For $-1<t<1$, $m2(t)=\int^{0}_{t}2e^{2\tau}d\tau =e^{2t}-1$
But if do $m2(t)=f(t)*z(t)=\int^{\infty}_{-\infty}f(\tau)z(t-\tau)d\tau$
For just the $-1<t<1$ case, $m2(t)=\int^{0}_{t}2e^{-2\tau}d\tau =1-e^{-2t}$
How is the two m2 different for the same t interval?
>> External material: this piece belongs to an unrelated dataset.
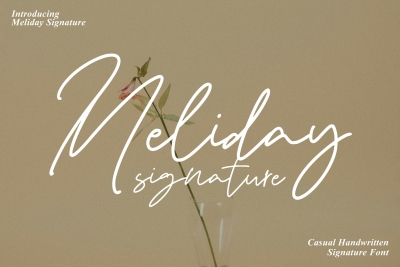 Meliday - Casual Handwritten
The point is to keep careful track of where $\tau$ has to be for there to be a contribution to the integral, as a function of $t$. In the first case, $\tau \in [0,2]$ is required for $z$ to be nonzero, and $t-\tau \in [0,1]$ is required for $f$ to be nonzero. The latter is equivalent to $\tau \in [-1+t,t]$. So you need the intersection of $[0,2]$ with $[-1+t,t]$. The lower limit is $\max \{ 0,-1+t \}$, the upper limit is $\min \{ t,2 \}$, and we interpret $[a,b]$ with $b<a$ as $\emptyset$. In particular when $t \in [0,1]$ this will be an integral from $t-1$ to $t$ (which seems to be where you made a mistake).
In the second case, $\tau \in [0,1]$ is required for $f$ to be nonzero and $t-\tau \in [0,2]$ is required for $z$ to be nonzero. The latter is equivalent to $\tau \in [-2+t,t]$. So you need the intersection of $[0,1]$ with $[-2+t,t]$. By similar reasoning, this is $[\max \{ 0,t-2 \},\min \{ 1,t \}]$ with the same convention. In particular when $t \in [0,1]$ this is an integral from $0$ to $t$ which you seem to have gotten right.